■ Work to be completed ■
This task calls for the lines below starting at the one containing "TAHARI HEELS SHOES" and ending at the one containing "801 S Miami Ave # 4802, Miami FL 33130", repeated exactly with both ends kept and pictures left out.

*** Opening of The data ***

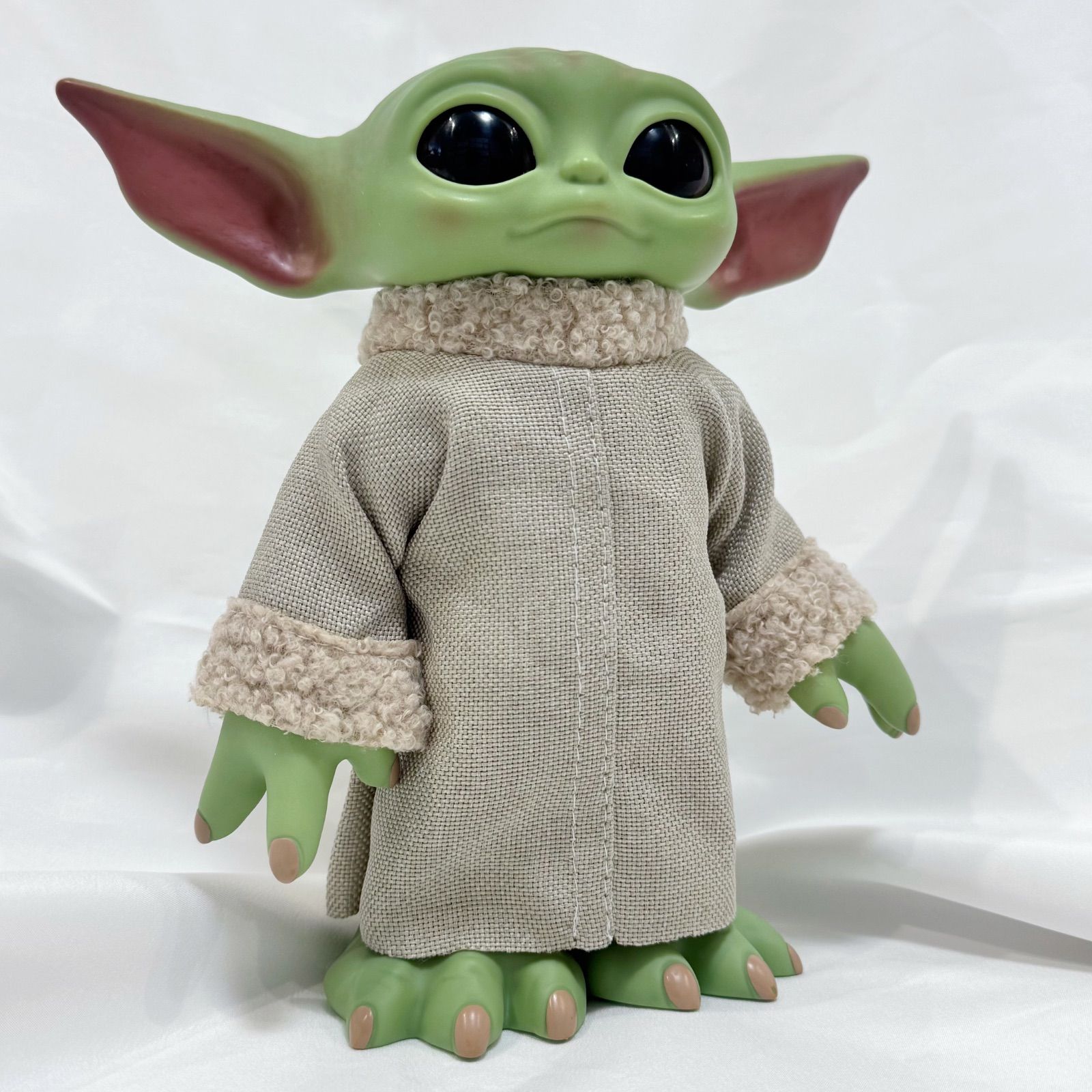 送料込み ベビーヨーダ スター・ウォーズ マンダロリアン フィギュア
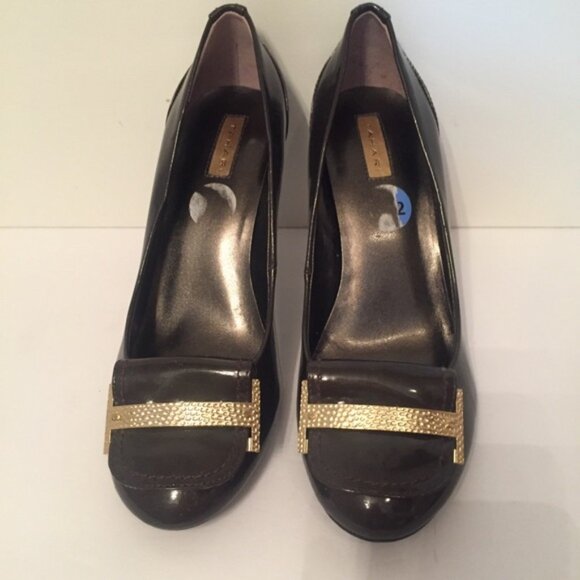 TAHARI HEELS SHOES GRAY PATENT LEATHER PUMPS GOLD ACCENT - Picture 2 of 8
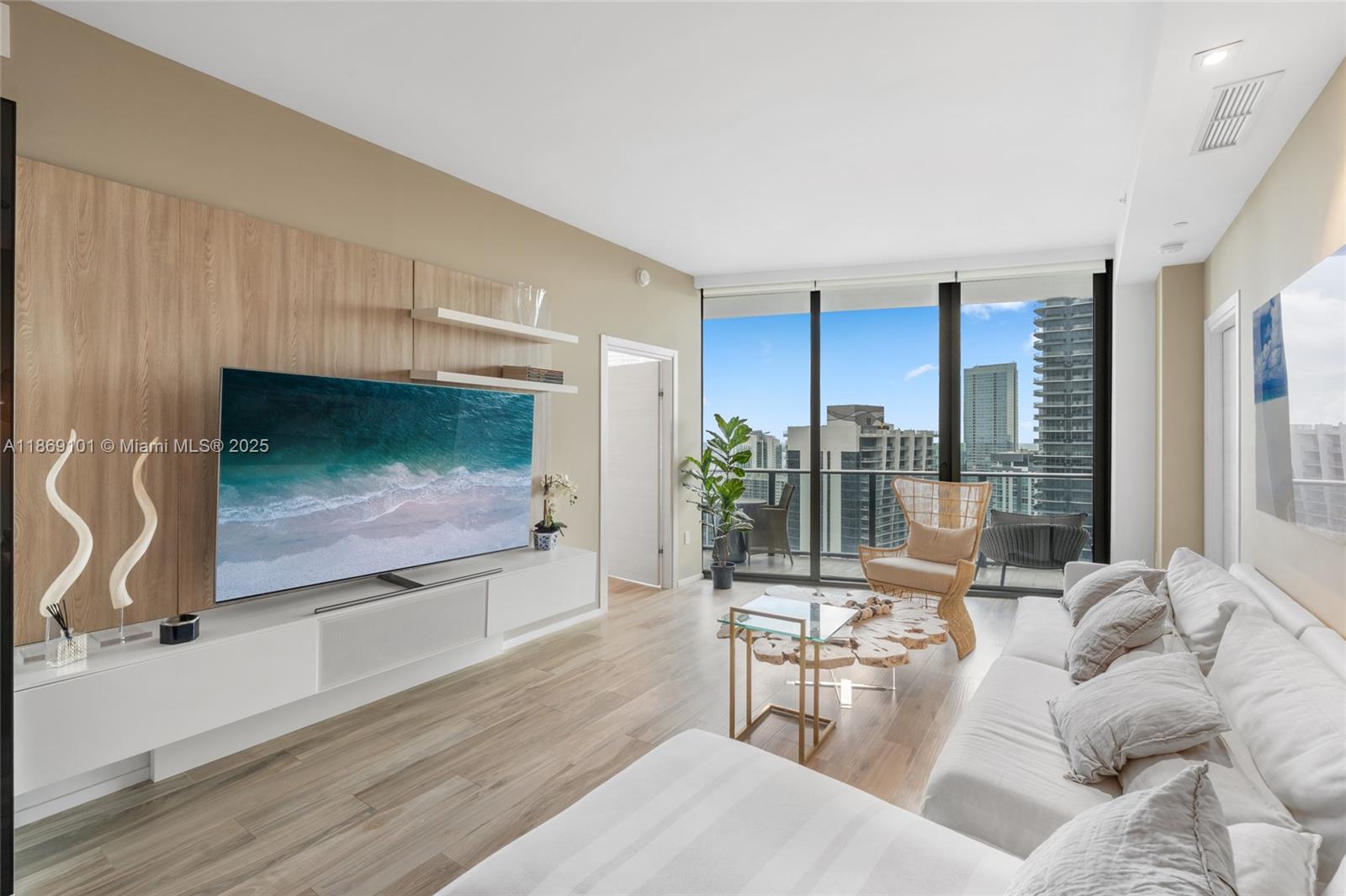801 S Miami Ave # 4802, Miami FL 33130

*** Close of The data ***
*** Opening of The data ***

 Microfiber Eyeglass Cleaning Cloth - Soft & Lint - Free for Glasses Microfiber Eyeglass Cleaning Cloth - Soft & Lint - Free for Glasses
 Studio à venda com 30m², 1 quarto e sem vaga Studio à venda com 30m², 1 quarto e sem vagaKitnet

*** Close of The data ***

■ Output ■
 TAHARI HEELS SHOES GRAY PATENT LEATHER PUMPS GOLD ACCENT - Picture 2 of 8
801 S Miami Ave # 4802, Miami FL 33130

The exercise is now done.